Первая повесть Кросса начинается с иронической фразы: «Господи, я хочу поторговаться с тобой…» Вот это и есть пункт отсчета. И начало доказательства от противного. Как торговаться с тем, кто не висит над тобой в далекой высоте, а, говоря словами Энгельса, оковывает самое твое сердце? Тяжкая, честная, полная скрытой боли, отсчитывающая от самой себя и потому безнадежно одинокая в своем ответе богу натура Балтазара Руссова и судьба его — вот ответ Кросса на пунктир вопросов, заданных в его повестях. Закон духа — внутри самого человека, и бессмысленно подступать к нему извне с моральными нормами, поверьте, он намного несчастнее в своей самодостаточности и одновременно неизмеримо счастливее в ней, чем это можно сделать, осудив или возвысив его извне.
Кросс как-то заметил: жанровая разница между повестью и романом состоит в том, что читатель повести достраивает мир автора вне ее художественного пространства, читатель же романа достраивает мир внутри его пространства. Это — ключ к прозе Кросса.
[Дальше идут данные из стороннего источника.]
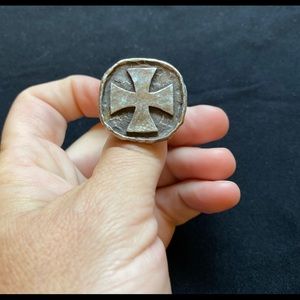 Sterling Silver Large Cross Ring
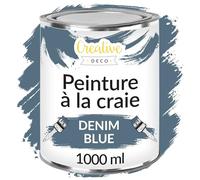 Creative Deco Peinture à la craie pour meubles - Bleu jean - 1000 ml - Sans ponçage - Mat lavable - Effet dégradé possible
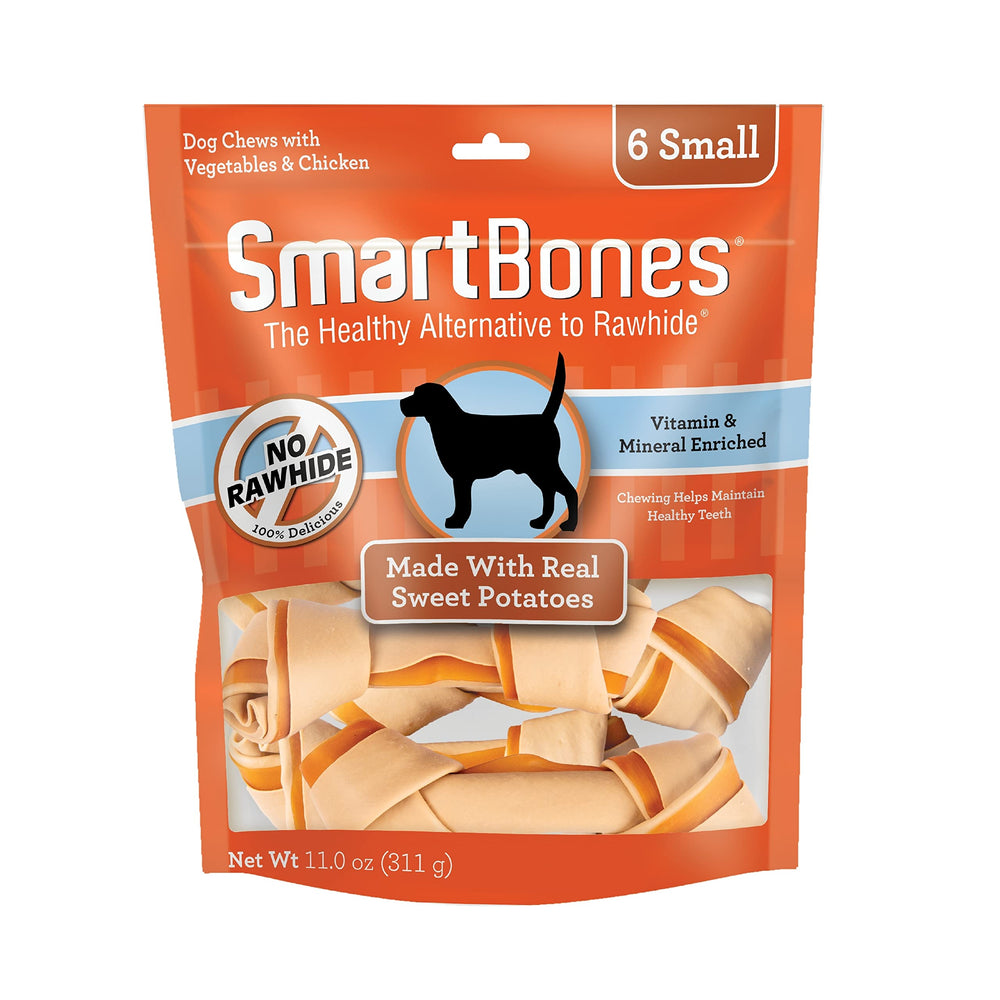 SmartBones Sweet Potato Chews: paquete para perros pequeños, snack sabroso.
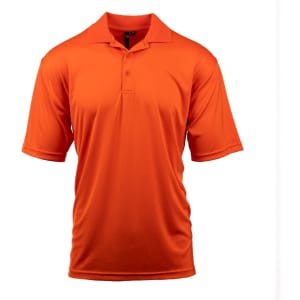 An orange polyester sport shirt with a classic polo design and a collar. It features a logo on the chest.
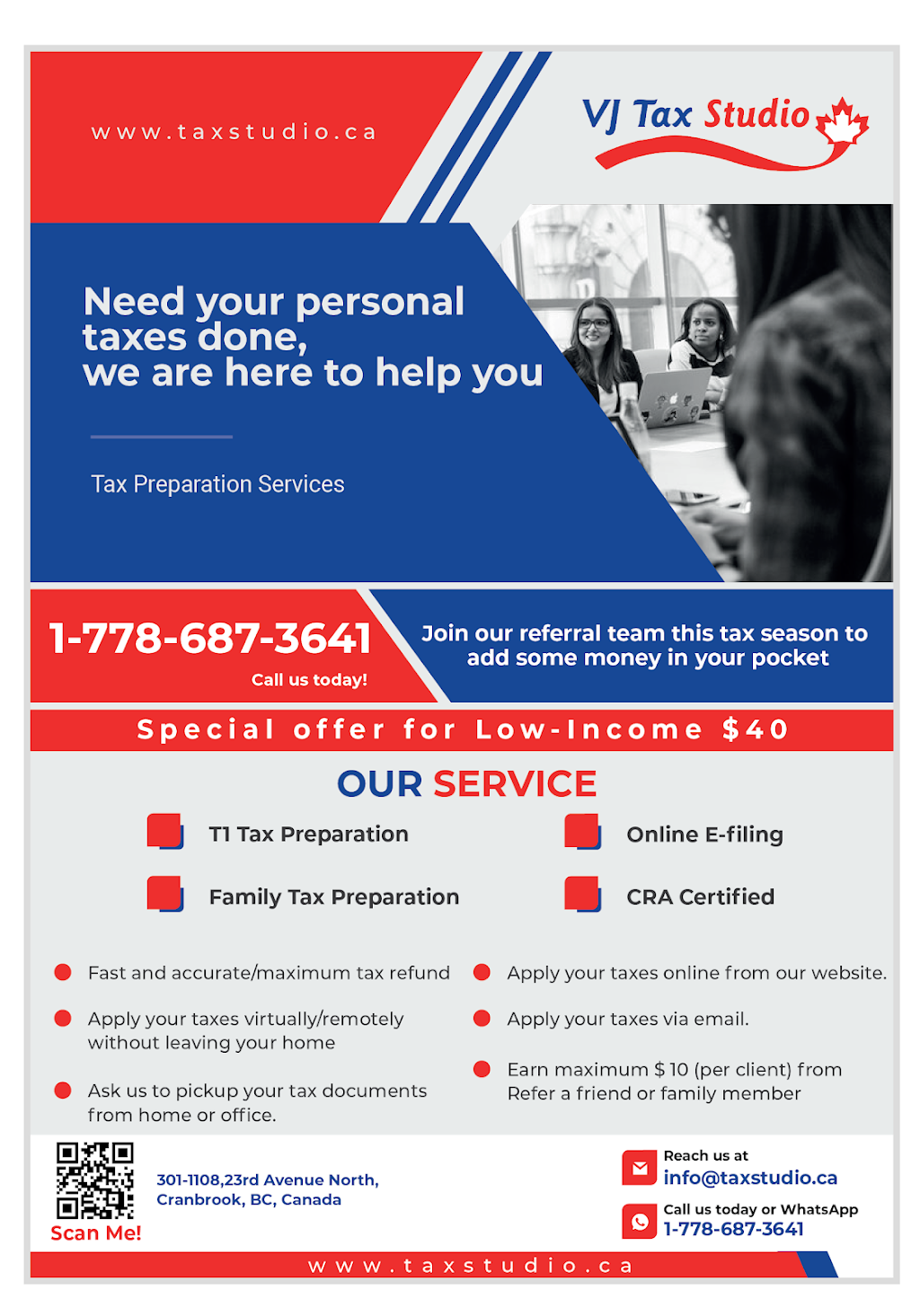 VJ Tax Studio Inc. | 1108 23 Ave N #301, Cranbrook, BC V1C 5T6, Canada | Phone: (778) 687-3641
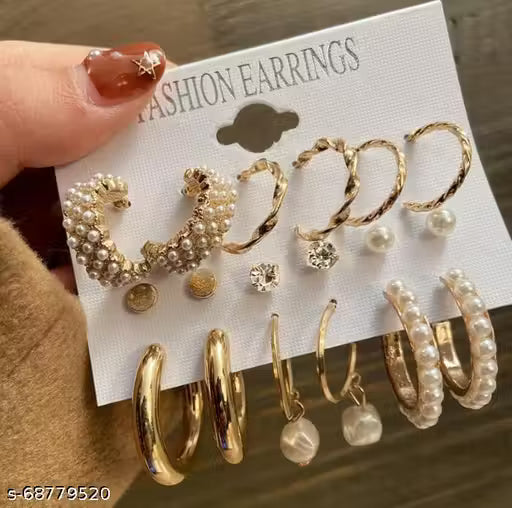 Vembley Combo Of 9 Pair Stunning Gold Plated Pearl Hoop , Drop, Tiny and Studs Earrings for Women & Girls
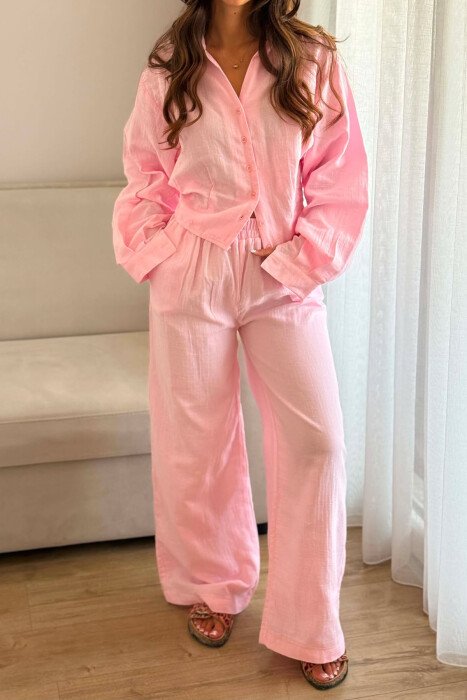 LINEN BLEND SHIRT + WIDE LEG TROUSERS WOMAN SET PINK/ROZE - 5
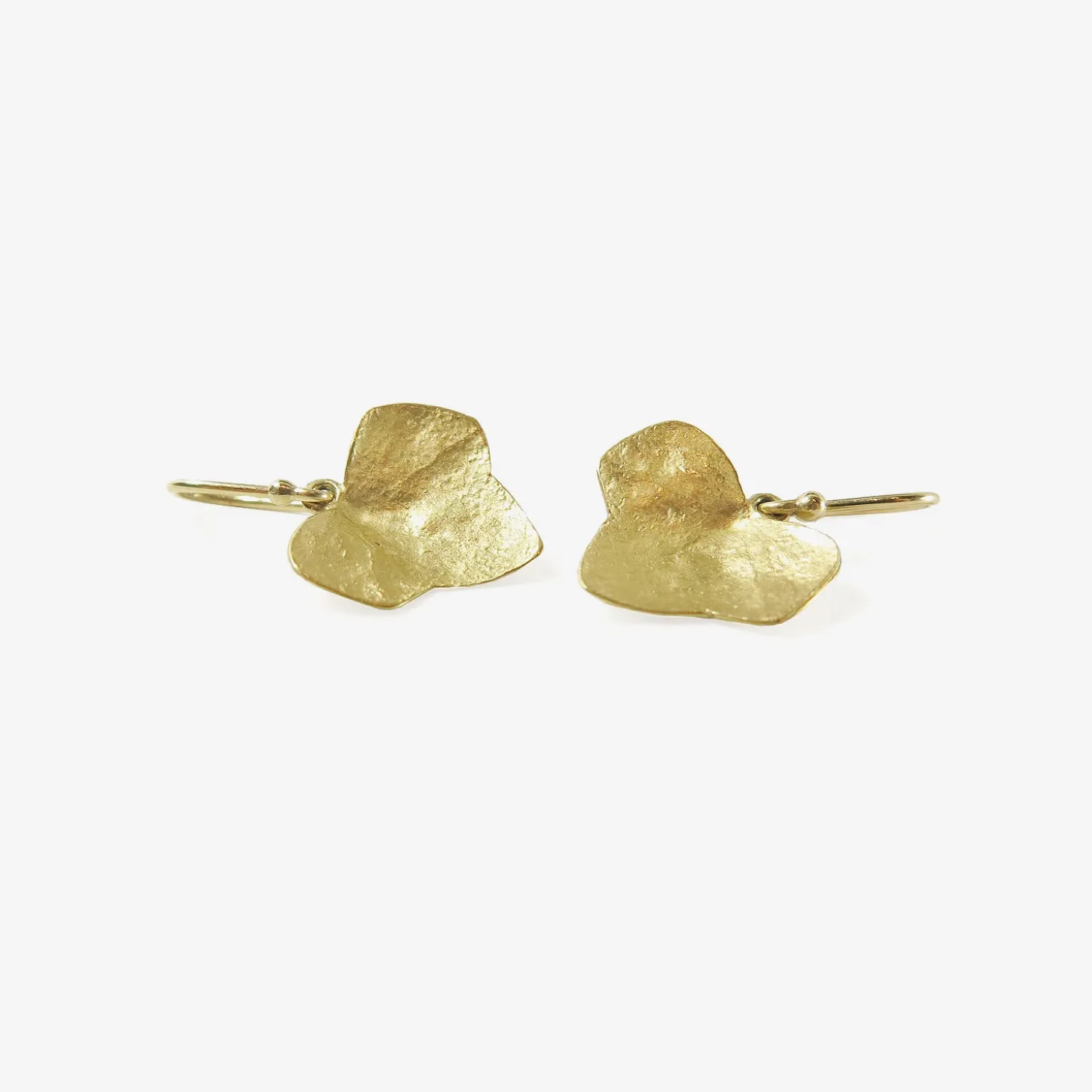 18k yellow gold ivy leaf earrings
Само движение внутреннего сюжета в его романе, а отчасти и фабульное построение глав напоминает повороты ключа в разных скважинах: огромное, на полторы тысячи страниц, повествование читаешь не столько как хронику жизни, постепенно накапливающую материал и смысл, сколько как пунктир повторяющихся ситуаций, в которых герой оказывается то обидчиком, то жертвой. Я назвал бы это перекрещиванье автономных и сцепленных линий «крестословием», если бы не боялся дурного каламбура; но логика «кроссворда» действительно чем-то родственна структуре художественного мира Кросса: трассы смыслов, расходящихся из точек пересечения, значат разное, но все время кольцуются, сходятся и замыкаются для очной ставки. Это медленное раскручивание-возвращение органично для самозамкнутости исследуемого здесь духа, оно-то и делает роман Кросса целостным произведением искусства.